What you will do:
Please print, exactly, only the lines in the entries below from the line that has "The Hunt for" through the line that has "201010 Dialog cover". Pictures don't go in.

══ Task material

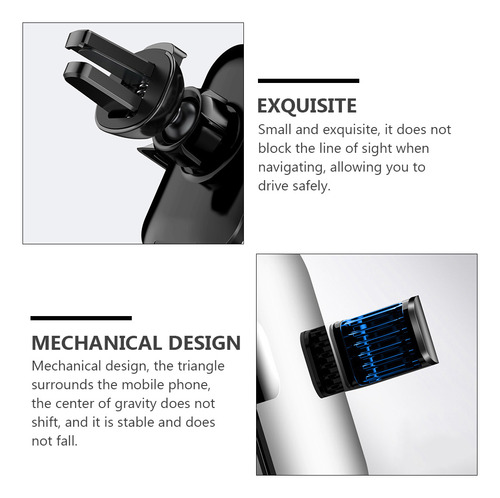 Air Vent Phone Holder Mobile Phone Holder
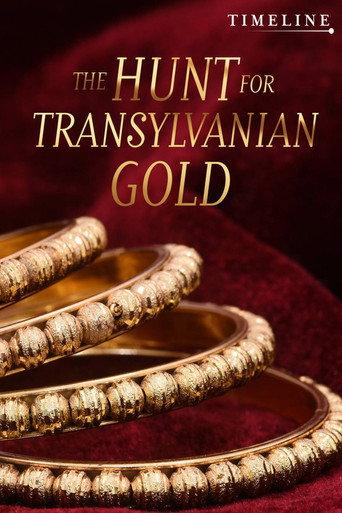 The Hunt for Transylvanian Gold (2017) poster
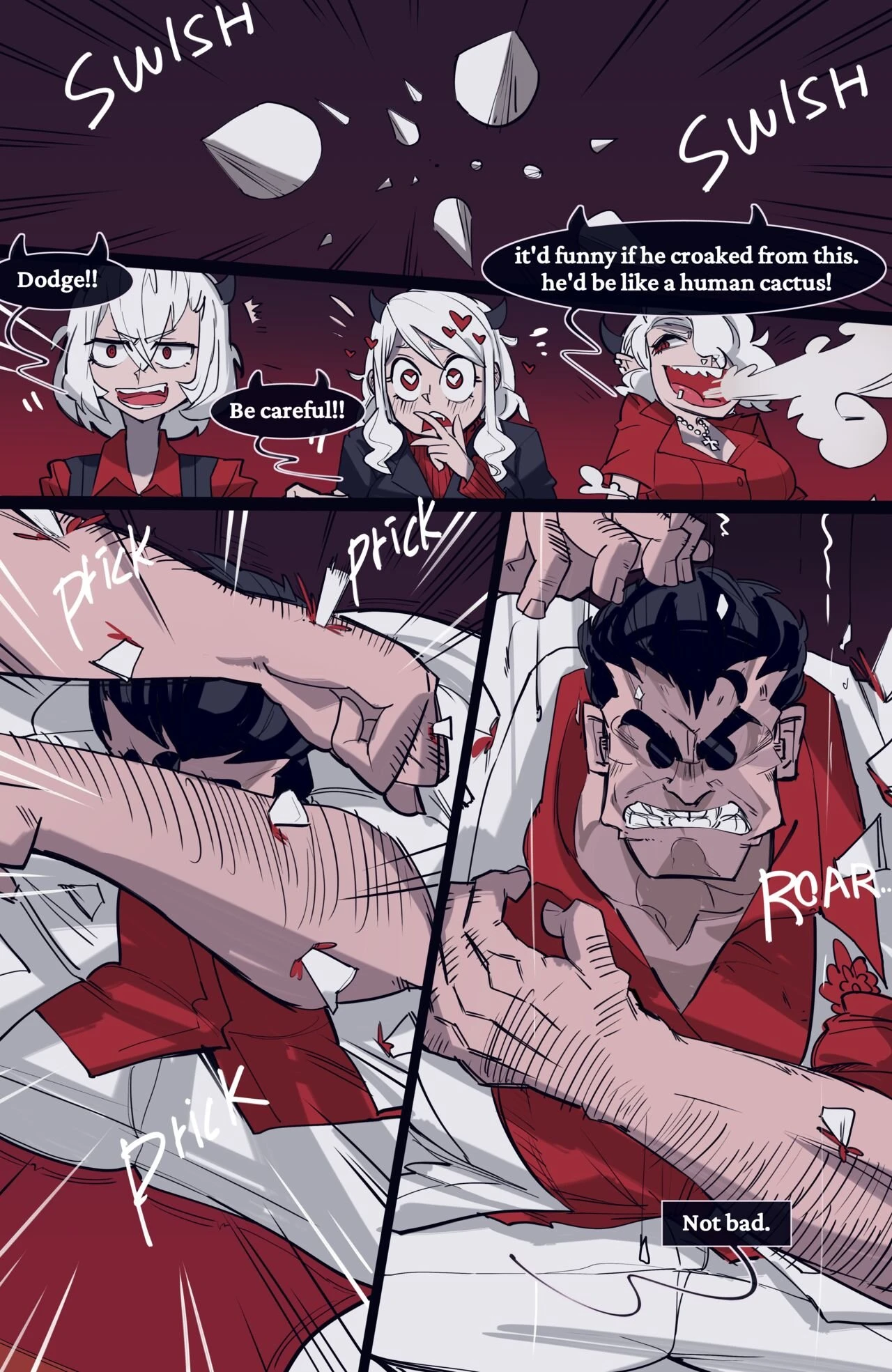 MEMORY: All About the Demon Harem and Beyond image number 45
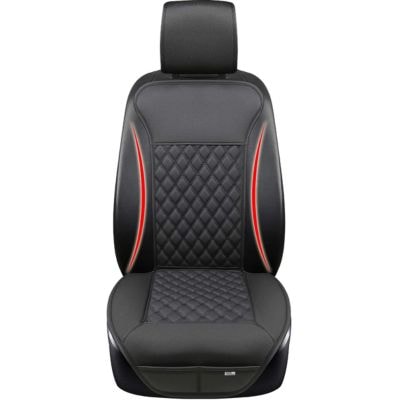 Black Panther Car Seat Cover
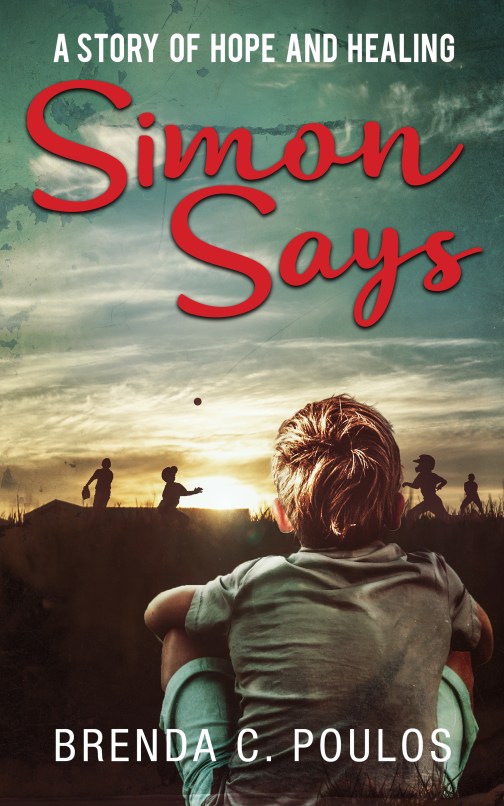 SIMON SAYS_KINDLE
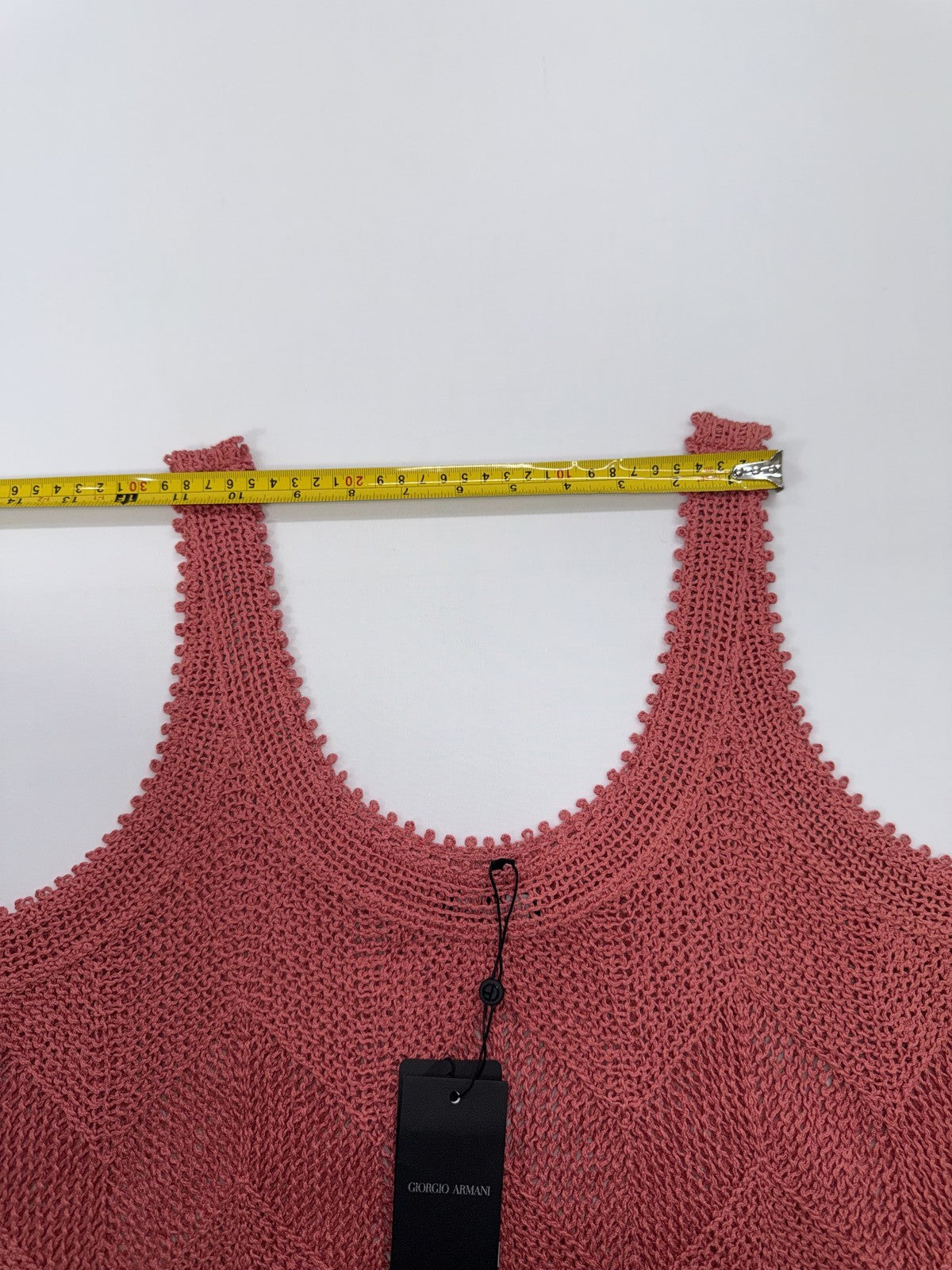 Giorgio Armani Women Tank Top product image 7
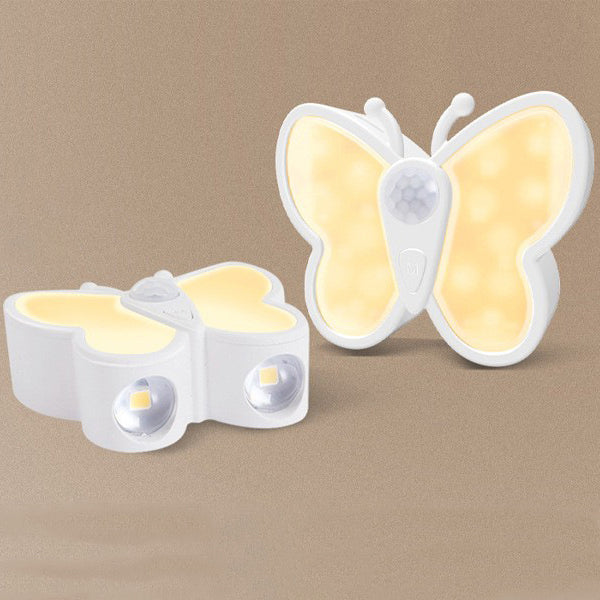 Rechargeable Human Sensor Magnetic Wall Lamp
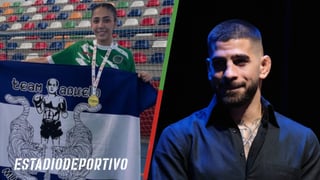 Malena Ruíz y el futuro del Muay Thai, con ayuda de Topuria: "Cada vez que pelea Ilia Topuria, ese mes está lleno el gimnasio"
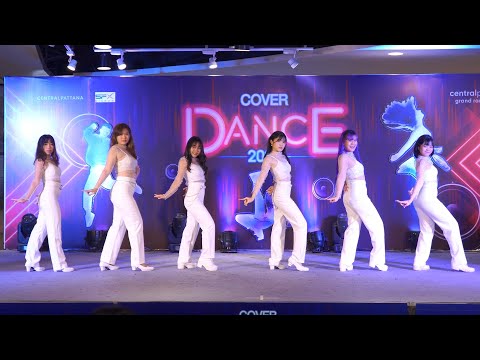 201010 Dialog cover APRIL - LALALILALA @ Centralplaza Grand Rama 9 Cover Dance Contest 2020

════
══ Task material

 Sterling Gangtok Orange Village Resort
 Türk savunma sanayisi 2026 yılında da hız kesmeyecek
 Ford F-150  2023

════
══ Task material

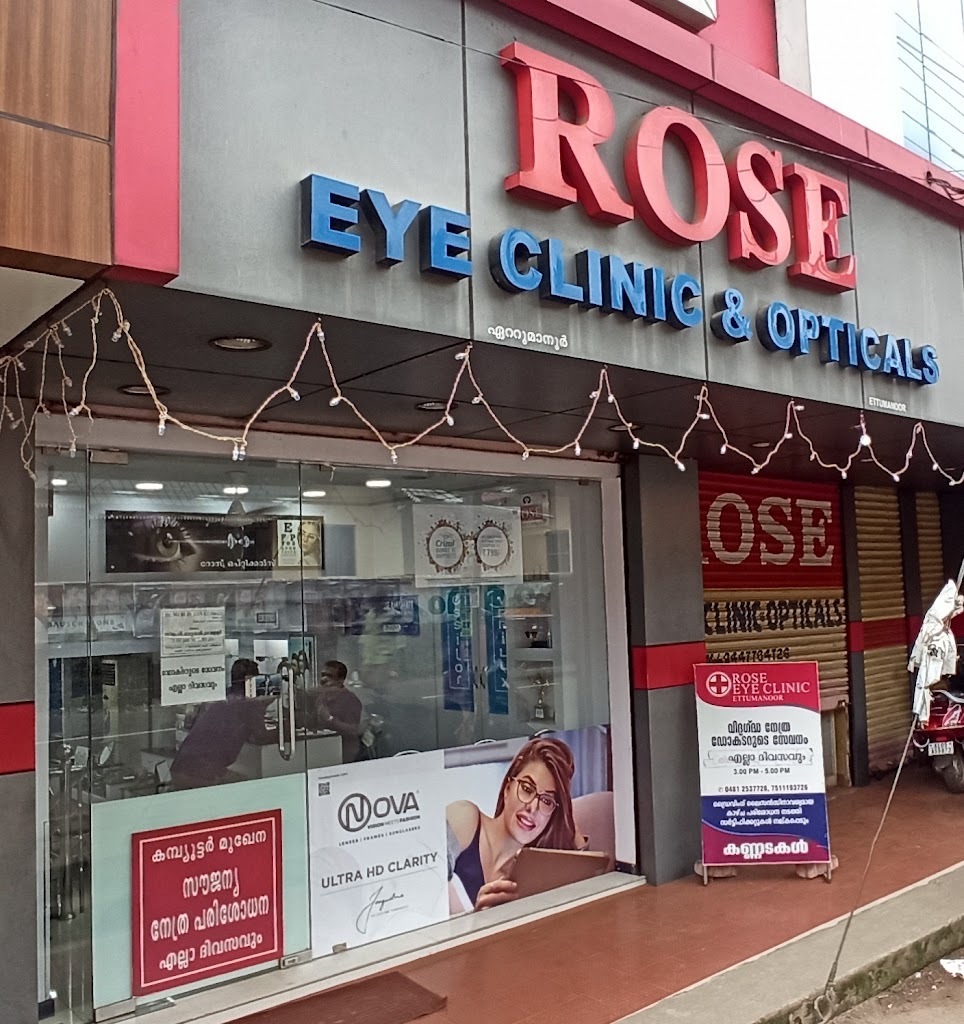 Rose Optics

════

Task result:
 The Hunt for Transylvanian Gold (2017) poster
 MEMORY: All About the Demon Harem and Beyond image number 45
 Black Panther Car Seat Cover
 SIMON SAYS_KINDLE
 Giorgio Armani Women Tank Top product image 7
 Rechargeable Human Sensor Magnetic Wall Lamp
 Malena Ruíz y el futuro del Muay Thai, con ayuda de Topuria: "Cada vez que pelea Ilia Topuria, ese mes está lleno el gimnasio"
 201010 Dialog cover APRIL - LALALILALA @ Centralplaza Grand Rama 9 Cover Dance Contest 2020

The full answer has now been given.